Thursday, February 26, 2009

Camera trapping science and tigers

K. Ullas Karanth and James D. Nichols have produced an 8-part instructional series about monitoring tiger populations.

You can watch it here on You Tube.

The footage and animations are excellent, and three chapters deal with the use of camera traps.

It all builds on the efforts of Karanth and Nichols who have been worked hard over the past 3 decades to introduce science into the business of estimating wild tiger populations.

While few readers of this blog will ever have occasion to use the method, the camera trapping chapters are well worth viewing to appreciate the painstaking effort that goes into wildlife population estimation.

It's not quite as simple or easy as the general public, politicians, and most outdoors folks would like to believe.

But hey, you can trust the results.

Sunday, February 22, 2009

The not-so-giant Sulawesi civet--Part 2

[Macrogalidia approaches the camera trap]

"Macro" eventually made an appearance, and was even curious about the camera, but we didn't have the satisfaction of knowing this until we were back in the states and had the film developed. 

However, our spirits were buoyed whenever we checked the camera's film counter. Sometimes a 36-exposure roll was exposed in a couple days. 

What we eventually learned was that most of those exposures were made by night flying moths and falling leaves. They had all passed through the 6-foot pencil-thick beam of light between the sensor and reflector.  (See this post for camera details.)


[the camera trap: Nikon FE and flash housed in a wooden case 
and wired to an external photoelectric trigger.] 

We baited the site with a live chicken, tethered above but just beyond the sensor's beam. 

[Ken Lang and CW preparing the site, photo by Larry Collins]

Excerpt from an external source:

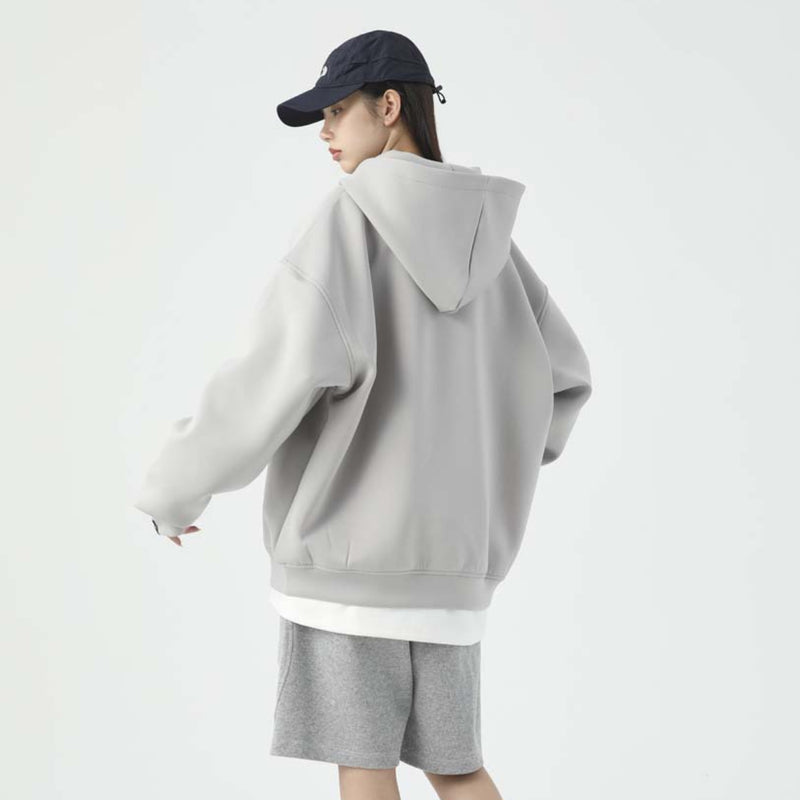 Unisex Hoodie Fall Hooded Casual Coat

We hauled 20 lbs of river sand and spread it on the trail so we could see tracks. The final incentive was a ripe banana hung on the tree in the background.   

It was a time consuming process, and checking the cam required a 1000 ft climb from Watling's hut on the Mewe River to the game trail on the ridge. 

[CW testing the photoelectric beam alignment]

The civet came and fetched the banana. 





Then it killed and ate the chicken.



In 1999 or so, a film maker from New Zealand wrote to me and proposed a documentary on Macro.

It was a splendid offer to revisit Sulawesi and take part in the story, but I was overcommitted and very much involved in a project in Burma. I told him that Jack West, who lived nearby in Australia, spoke Bahasa Indonesia, and had been very much involved-- was his man.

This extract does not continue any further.